Each line containing the word "Vintage" must be copied from the material below.

● ● ● ●

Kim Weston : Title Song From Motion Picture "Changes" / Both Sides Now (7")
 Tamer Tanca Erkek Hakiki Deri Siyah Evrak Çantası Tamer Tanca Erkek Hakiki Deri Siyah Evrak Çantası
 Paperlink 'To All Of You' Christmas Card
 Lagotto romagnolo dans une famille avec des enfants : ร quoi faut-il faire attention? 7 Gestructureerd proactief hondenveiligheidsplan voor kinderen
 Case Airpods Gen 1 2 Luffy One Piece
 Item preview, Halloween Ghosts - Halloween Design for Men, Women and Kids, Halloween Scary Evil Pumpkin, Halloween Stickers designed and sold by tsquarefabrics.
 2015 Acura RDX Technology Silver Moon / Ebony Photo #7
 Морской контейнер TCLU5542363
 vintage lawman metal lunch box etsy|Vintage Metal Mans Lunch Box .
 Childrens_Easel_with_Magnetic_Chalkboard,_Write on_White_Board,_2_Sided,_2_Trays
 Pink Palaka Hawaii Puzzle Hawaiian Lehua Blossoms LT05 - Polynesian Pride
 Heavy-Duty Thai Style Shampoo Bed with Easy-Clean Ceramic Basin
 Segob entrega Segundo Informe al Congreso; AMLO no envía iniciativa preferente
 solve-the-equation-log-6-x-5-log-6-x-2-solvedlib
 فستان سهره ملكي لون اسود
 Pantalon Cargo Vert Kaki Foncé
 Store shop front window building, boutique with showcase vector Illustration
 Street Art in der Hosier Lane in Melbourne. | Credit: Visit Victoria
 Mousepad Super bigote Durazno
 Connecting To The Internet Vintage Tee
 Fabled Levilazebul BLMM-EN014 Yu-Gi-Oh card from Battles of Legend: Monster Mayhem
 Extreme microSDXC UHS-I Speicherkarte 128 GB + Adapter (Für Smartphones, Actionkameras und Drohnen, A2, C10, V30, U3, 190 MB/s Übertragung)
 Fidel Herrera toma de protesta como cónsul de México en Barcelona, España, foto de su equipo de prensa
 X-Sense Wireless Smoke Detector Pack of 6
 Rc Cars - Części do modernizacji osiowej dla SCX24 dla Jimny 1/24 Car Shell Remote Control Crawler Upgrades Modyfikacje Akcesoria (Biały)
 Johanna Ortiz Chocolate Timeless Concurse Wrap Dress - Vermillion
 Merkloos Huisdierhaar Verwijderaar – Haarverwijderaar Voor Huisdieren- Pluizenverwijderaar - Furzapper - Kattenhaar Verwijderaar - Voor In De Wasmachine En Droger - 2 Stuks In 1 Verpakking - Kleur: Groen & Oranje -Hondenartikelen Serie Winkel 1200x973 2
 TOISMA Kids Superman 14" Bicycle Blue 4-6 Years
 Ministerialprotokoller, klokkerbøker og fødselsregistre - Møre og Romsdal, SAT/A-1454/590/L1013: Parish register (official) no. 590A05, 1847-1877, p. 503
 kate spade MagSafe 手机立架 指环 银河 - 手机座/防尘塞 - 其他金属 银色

● ● ● ●

(Result of the task):
 vintage lawman metal lunch box etsy|Vintage Metal Mans Lunch Box .
 Connecting To The Internet Vintage Tee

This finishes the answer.